WSJ To Launch Indonesia News Site In Bahasa
JAKARTA/HONG KONG/NEW YORK CITY — In a move to further expand its local and digital platforms in Asia, The Wall Street Journal announced today its plans to launch a dedicated Indonesia news site as well as a mobile news reader in Bahasa. The anticipated launch is the summer of this year.
The web site and mobile reader will deliver news and analysis from The Wall Street Journal to readers in Indonesia, one of the world's largest democracies and fastest-growing economies.
Commenting from Jakarta, Robert Thomson, editor-in-chief of Dow Jones and managing editor of The Wall Street Journal, said, “Indonesia's transformation—economic and democratic—has become a model for the developing world. The country's global role grows with each passing day, so the world must be better informed about Indonesia and Indonesia needs more news and analysis about influential international events. Our aim is to ensure that Indonesians are well briefed in their own language by the world's best journalists. For all at The Wall Street Journal, our expansion in Indonesia is a source of profound pride and great responsibility.”
To begin building its digital presence in Indonesia, earlier this month WSJ.com launched “Indonesia Real Time” (http://realtime.wsj.com/indonesia/), an online site in Bahasa that features daily insight and sharp analysis on law, policy, economics and culture, in addition to select Bahasa translations of WSJ.com articles. Identical “Real Time” sites focus on China, Korea, Japan and India in English as well as in their respective local languages.
Online and mobile content for Indonesia will include coverage of business and finance, in addition to a selection of translated articles from The Wall Street Journal’s global editions. The Bahasa mobile reader will be designed for the BlackBerry, which has more than 10 million users in Indonesia.
The Wall Street Journal and Dow Jones Newswires have operated a combined news bureau in Jakarta, Indonesia since 1976. A locally based editor, with primary responsibility for the Bahasa news site and working within the existing news bureau, will be named in due course.
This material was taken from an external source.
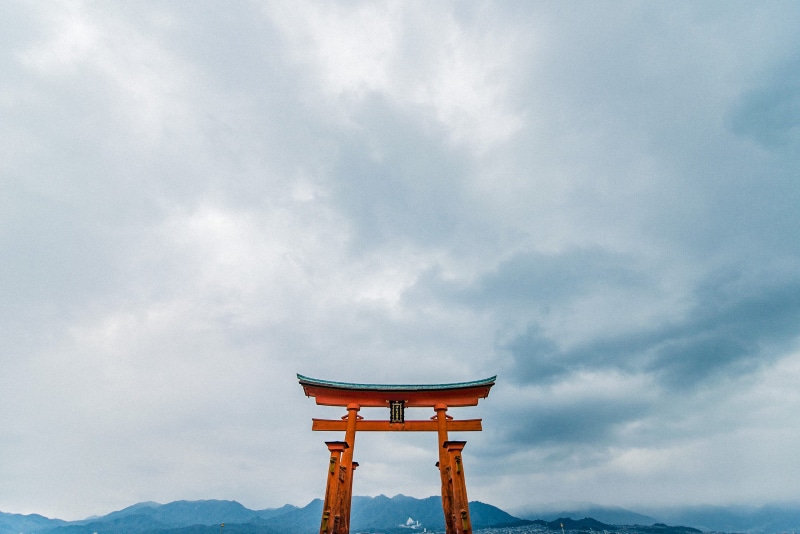 itsukushima shrine, outdoors, architecture, japan, belief, travel destinations, religion, built structure, hatsukaichi-shi, no people, mountain, travel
“The Indonesia edition is another clear demonstration of The Wall Street Journal’s commitment to Asia and the breadth and depth of our coverage in this region,” said Almar Latour, editor-in-chief of both The Wall Street Journal and Dow Jones Newswires in Asia. “Our focus will remain on providing readers across multiple geographies, languages and platforms with the news and analysis they need to make informed decisions—particularly at a time when their decisions are driven by global markets.”
In Asia, The Wall Street Journal is available in Chinese and Japanese-language editions online, which together attract more than five million monthly unique visitors. The Chinese and Japanese-language smartphone and tablet apps have been downloaded more than one million times in total. Most recently, a German-language news site (http://WSJ.de) with mobile and tablet editions was launched in January 2012.
Mr. Thomson is in Jakarta this week following his recent participation in the Seoul Digital Forum in South Korea, where he delivered a speech on “New Technology and Journalism” that featured how The Wall Street Journal has significantly extended its reach through online, mobile and video platforms worldwide and in Asia.